Q. How adaptable are you in today’s changing music scene? What is your view on some of the contemporary works – such as John Luther Adams, John Cage, or Stockhausen, or Berio? What happens to your gut when you hear my favorite, Salvatore Sciarrino’s Due Notturni Crudelli Il Furio, metallo? 

A. I consider myself adaptable and ready to be convinced by something good. By this I mean something that communicates to the listener something beyond the personal distress of the composer. How old-fashioned to still be looking for beauty! We hear a lot of John Luther Adams in Seattle, and I just finished reviewing for another publication his latest magnum opus “Become Desert.” It is decidedly better than the interminable “Become Ocean.” I still feel impatient, though, with what I consider “ambient music” that feels like “music to zone out by.” JL Adams is very good at what he does, and he’s sort of “flavor of the month/year/etc.” in the music establishment. But having heard both these “Becomes” more than once, I definitely feel sated.

 

Q. And as for my favorite?

A. The Sciarrino piece deserves the “Crudelli” designation, in my opinion. We may be better off not discussing what I feel in my gut, but my ears are definitely saying “No, thank you.”

 

Q. Women conductors are mounting the podium more and more in the past ten years. Are the guys in the band gritting their teeth? Will this trend last or is it a fad?
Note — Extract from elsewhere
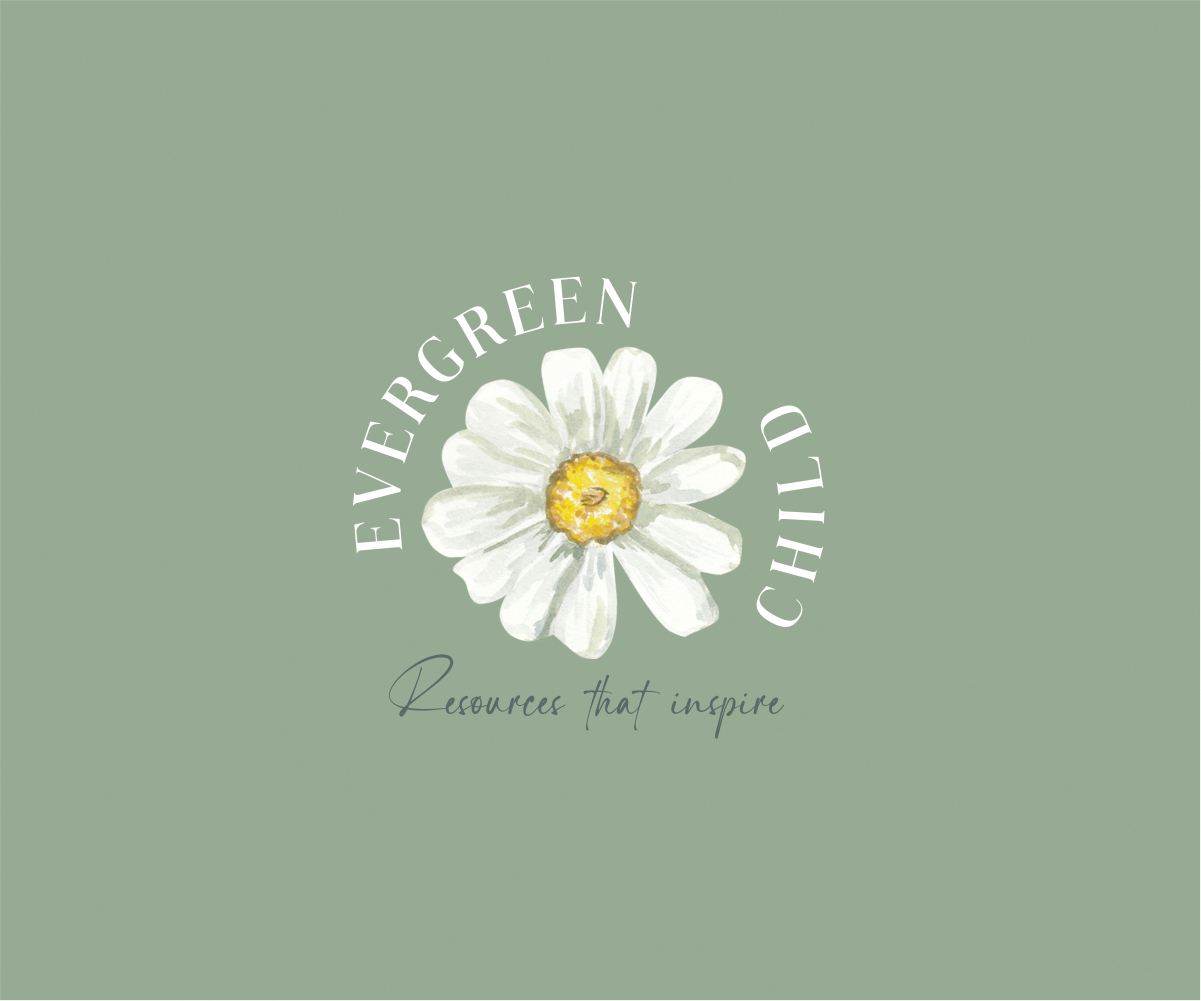 Logo Design by Pachakuthira for Evergreen Child | Design #36138398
A. Well, today the “guys in the band” include a whole lot of “gals in the band”; I think the Seattle Symphony is about one-third women, possibly more, and they’re certainly not alone in that demographic trend. Women conductors who know their stuff and prove their worth are generally welcomed by players who are grateful for good artistic leadership. Maybe there are grumblings and mumblings among the players, but by and large – at least in Seattle – the “chicks with sticks” are accorded equal respect when they prove they deserve it.

I’m also noticing more and more women hired in important principal spots in major orchestras; again, this makes sense whenever it’s deserved.

 

Q.  What are your thoughts on the future of live classical music? Looking out across your audiences, isn’t most of the hair white or blue? What happens when they die?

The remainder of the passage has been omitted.